I'll let Bataille speak for himself here...
Changing from the perspectives of restrictive economy to those of general economy actually accomplishes a Copernican trans-formation: a reversal of thinking -and of ethics. If a part of wealth (subject to a rough estimate) is doomed to destruction or at least unproductive use without any possible profit, it is logical, even inescapable, to surrender commodities without return."... "The industrial development of the entire world demands of Americans that they lucidly grasp the necessity, for an economy such as theirs, of having a margin of profitless operations. (25)So what is a "profitless operation"? A public library, an air drop of rice and grains, 50 percent off a Domino's hand-tossed pizza? An offering to the Sun god? And what is "wealth," or "excess?" A national treasury, a corporation's reservoir of stock, six months rent in a savings account, escargot?
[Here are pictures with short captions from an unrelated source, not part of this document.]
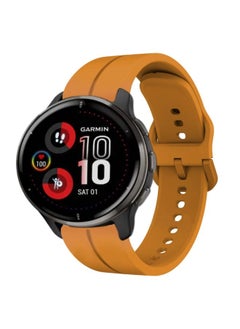 Generic Replacement Strap For Garmin Venu 2 Plus 20mm Loop Silicone Watch Band Amber Yellow 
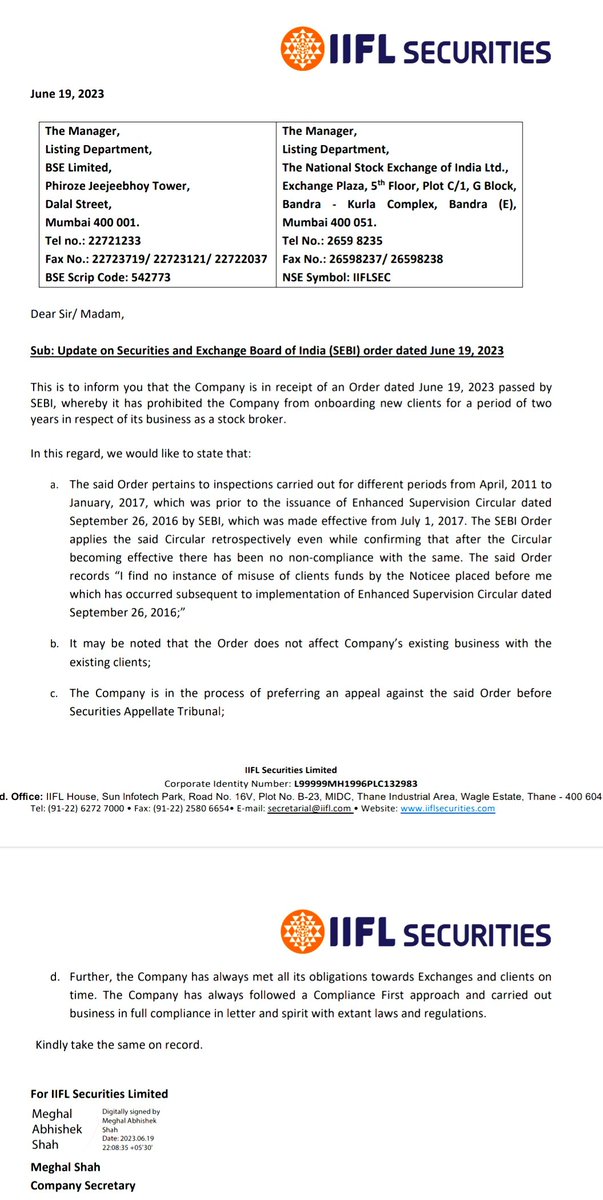 iiflcapital's tweet photo. @REDBOXINDIA IIFL Securities' clarification regarding the SEBI order dated June 19, 2023 https://t.co/ecpmrEaseh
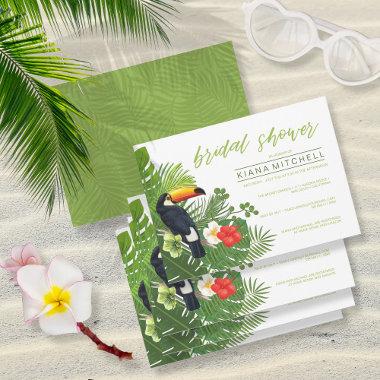 Watercolor Tropical Bridal Shower Green ID577 Invitations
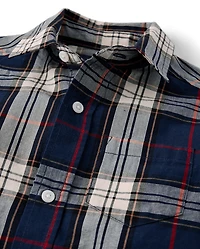 Boys Plaid Poplin Button Up Shirt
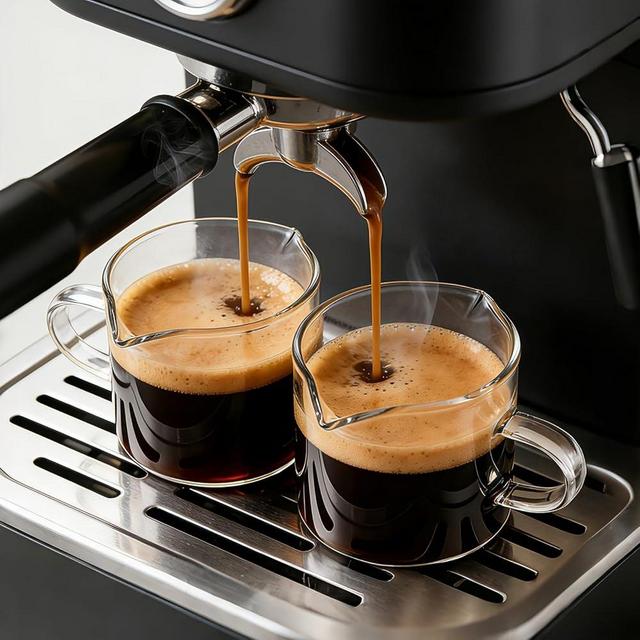 DWTS DANWEITESI Espresso Cups Set of 2: Espresso Machine Accessories - Espresso Shot Cups for Home Baristas - Essential Coffee Bar Accessories - 4oz Glass Espresso Cup Set with Handled and Spout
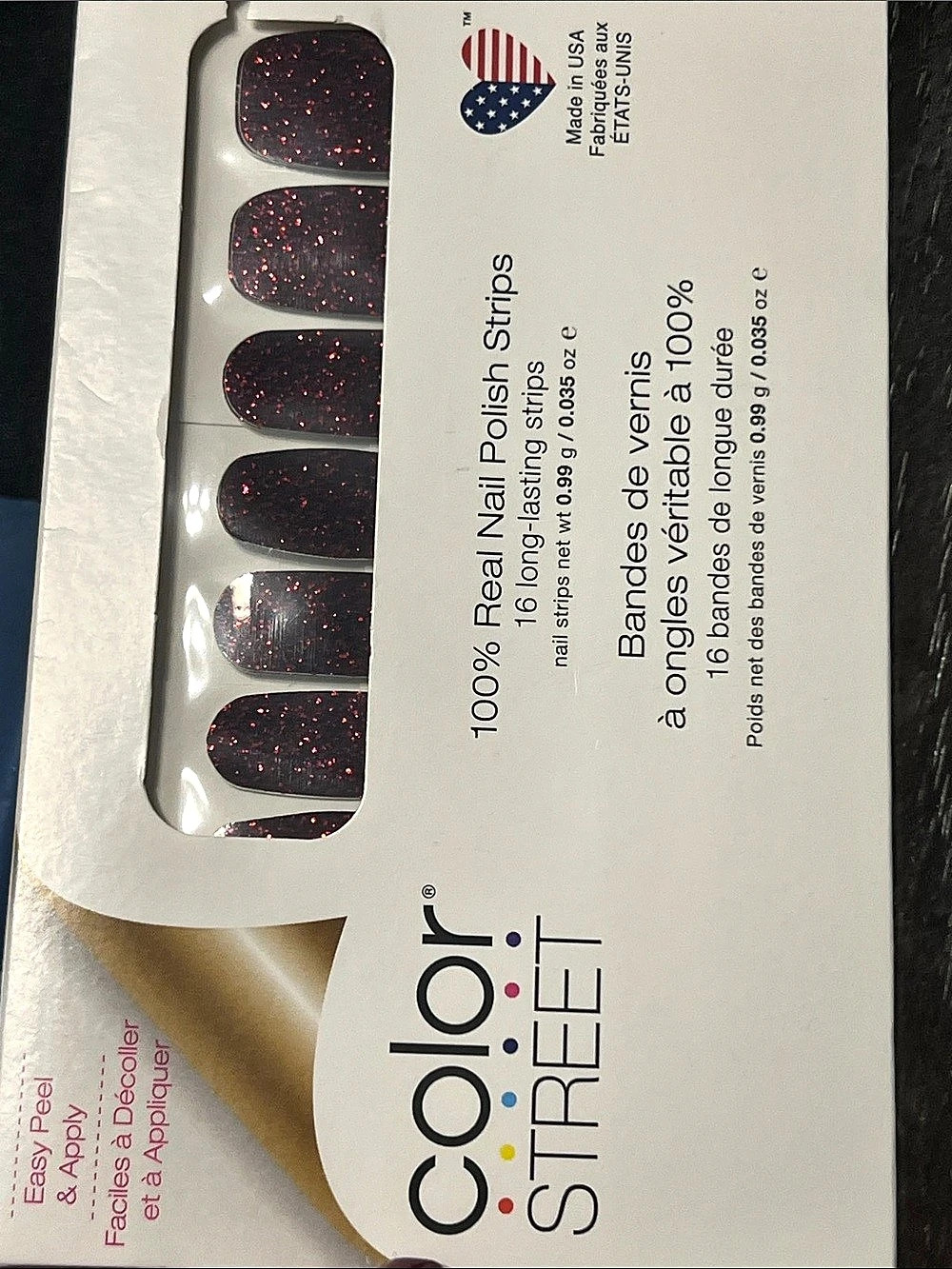 Color Street Russian Around Red & Black Glitter Nail Strips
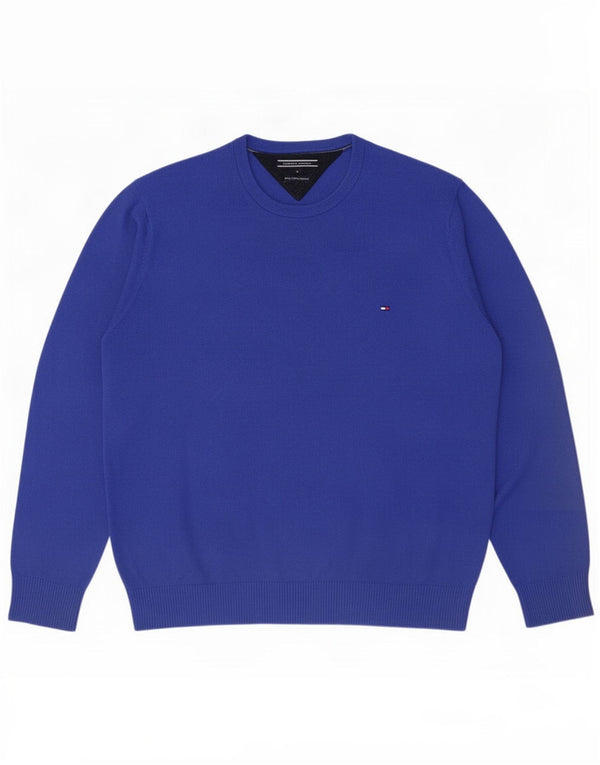 Tommy Hilfiger Jersey de cuello redondo para hombre, jersey de algodón azul grande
And how do we all fit into Bataille's General economy? Who should receive? Who should sacrifice? And what ultimately happens to the cursed share of the wealth if it's not usable? Those are questions not entirely answered in Volume 1, but maybe the point is just to ask them.
The Accursed Share Volume 1, published by Zone Books in 1991, is translated by Robert Hurley. The original book, titled La Parte Maudite, was published in France by Les Editions de Minuit in 1967.